This year, I planted broccoli in my usual way. Which is to say, I churned up enough ground to disturb deeply buried archaeological sites (and likely nicked a septic system in the process) and chopped the dirt until I was tired of doing it. And then scattered seeds roughly in a row, with very little attention being paid to spacing or exact placement.
And then I sat back to watch it grow.
My wife, who understands both plants (and me) better than I do, has devoted a few minutes each day to watering and fertilizing the 'row'.
And the broccoli has started to emerge. (Insert odd gleeful dance here).
Predictably, however, the seeds were spread in 'rows' that more resembled 'bunches' or 'clumps'. And I have seen this before, and know what comes next.
I have to try and figure out which of the individuals are the most likely to give me good broccoli. And then pull out all the rest.
This is a hard thing for me. I want to see all of my seedlings thrive. But without pruning, without thinning the herd, all of them end up puny, starved, or dead. Removing the competition (whether it is weedy competition or competition among healthy seedlings) is the only way to allow the final product - the 'keepers' - to do well.
So I have to go back to my broccoli row today and decide which broccoli is likely to give me good vegetables. Should I keep the tallest, or will it just get leggy?

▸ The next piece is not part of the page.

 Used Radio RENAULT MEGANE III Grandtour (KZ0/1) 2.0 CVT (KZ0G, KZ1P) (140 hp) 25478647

Should I keep the runts, with the idea that they will be small and tender?
How do I thin the herd?
Meanwhile, here are the things I am currently working on:
-Article proposal on fireflies
-Article proposal on man-cave barbershops
-1-hour lecture preparation on Shroud of Turin (completed)
-Lecture prep for the fall's offering - a college class on "Personalities of the Bible"
-Build a "bespoke archaeology" business
-Tapping sycamore trees for a feasibility study
-Tapping pecan trees for a feasibility study
-Growing a garden with only native american domesticates
-Planning a website for selling prehistoric 'dice' made from lamb bones
-Planting indigo to make natural dyes for my harvested cotton
-Working on an album concept for a male a capella remake of boy bands music
-Planning a honey extraction business
-Editing notes from a Sunday school class for publication (and thinking about the second and third one)
-Teaching myself the banjo
-Outlining a novel on the placement of a man in Witness Protection in a government job in the Corps of Engineers (burro-cratic hilarity ensues!)
-Writing a short story from the perspective of a Loki character
-Building a furnace for smelting aluminum - to make those cool ant-hill casts
-Building a furnace for smelting aluminum - to make those as-yet unknown crawfish-burrow casts
-Turn crawfish and anthill casts into jewelry
-Using the furnace to smith blades from scrap iron (scrap iron snagged from Corps site leftovers)
-Compete in Toastmasters competition
-Build a silver smithing business (making a few coin rings started it)
It comes as no surprise, I suppose, that I have a difficult time separating out the 'keepers' in my garden. I can't decide what are keepers in my own to-do list. I want to see all of my seedling projects thrive.
How do you prioritize when you are endlessly fascinated by everything?
I am awe inspired by people who can focus. People who can look at a bonsai tree, and quietly meditate while pruning just the right twigs to create the beauty they want to see. (Note to self, buy book on bonsai meditation, add item to my to to-do list). People who carry their calmness with them, instead of the 'satiable curtiosity of a five-year old (Note to self - time to re-read the Just-So Stories, to make sure I have that quote spelled right).